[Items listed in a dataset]
---
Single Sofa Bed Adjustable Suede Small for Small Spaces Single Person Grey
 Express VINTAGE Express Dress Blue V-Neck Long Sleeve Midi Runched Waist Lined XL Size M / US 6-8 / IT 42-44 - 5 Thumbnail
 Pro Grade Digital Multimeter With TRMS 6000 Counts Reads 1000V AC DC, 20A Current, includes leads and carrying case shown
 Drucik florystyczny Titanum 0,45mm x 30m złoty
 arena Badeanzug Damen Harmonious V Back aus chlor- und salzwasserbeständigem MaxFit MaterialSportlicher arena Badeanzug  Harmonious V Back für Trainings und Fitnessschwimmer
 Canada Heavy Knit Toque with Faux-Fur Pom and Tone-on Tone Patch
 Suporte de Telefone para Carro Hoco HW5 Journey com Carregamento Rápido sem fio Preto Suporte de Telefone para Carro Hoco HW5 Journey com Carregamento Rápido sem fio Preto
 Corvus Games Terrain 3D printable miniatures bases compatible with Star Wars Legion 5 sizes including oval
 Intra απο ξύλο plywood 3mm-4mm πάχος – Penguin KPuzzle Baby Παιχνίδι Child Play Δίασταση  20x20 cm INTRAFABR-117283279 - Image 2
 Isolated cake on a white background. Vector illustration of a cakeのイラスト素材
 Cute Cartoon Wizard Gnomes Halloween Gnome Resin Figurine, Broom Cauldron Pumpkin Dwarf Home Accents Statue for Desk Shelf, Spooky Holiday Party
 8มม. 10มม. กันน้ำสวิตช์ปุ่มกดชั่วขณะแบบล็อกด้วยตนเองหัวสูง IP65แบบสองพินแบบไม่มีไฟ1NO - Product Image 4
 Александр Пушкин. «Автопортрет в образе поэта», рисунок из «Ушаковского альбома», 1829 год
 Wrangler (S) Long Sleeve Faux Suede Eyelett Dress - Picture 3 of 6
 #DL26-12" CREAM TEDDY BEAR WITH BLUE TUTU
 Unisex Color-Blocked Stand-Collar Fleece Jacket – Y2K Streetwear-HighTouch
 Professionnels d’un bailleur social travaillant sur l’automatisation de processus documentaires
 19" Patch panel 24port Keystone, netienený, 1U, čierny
---
About this exercise:
The lines of the data, from the first through the one containing "fio Preto Suporte", are to be transcribed exactly.

Solution for this task:
Single Sofa Bed Adjustable Suede Small for Small Spaces Single Person Grey
 Express VINTAGE Express Dress Blue V-Neck Long Sleeve Midi Runched Waist Lined XL Size M / US 6-8 / IT 42-44 - 5 Thumbnail
 Pro Grade Digital Multimeter With TRMS 6000 Counts Reads 1000V AC DC, 20A Current, includes leads and carrying case shown
 Drucik florystyczny Titanum 0,45mm x 30m złoty
 arena Badeanzug Damen Harmonious V Back aus chlor- und salzwasserbeständigem MaxFit MaterialSportlicher arena Badeanzug  Harmonious V Back für Trainings und Fitnessschwimmer
 Canada Heavy Knit Toque with Faux-Fur Pom and Tone-on Tone Patch
 Suporte de Telefone para Carro Hoco HW5 Journey com Carregamento Rápido sem fio Preto Suporte de Telefone para Carro Hoco HW5 Journey com Carregamento Rápido sem fio Preto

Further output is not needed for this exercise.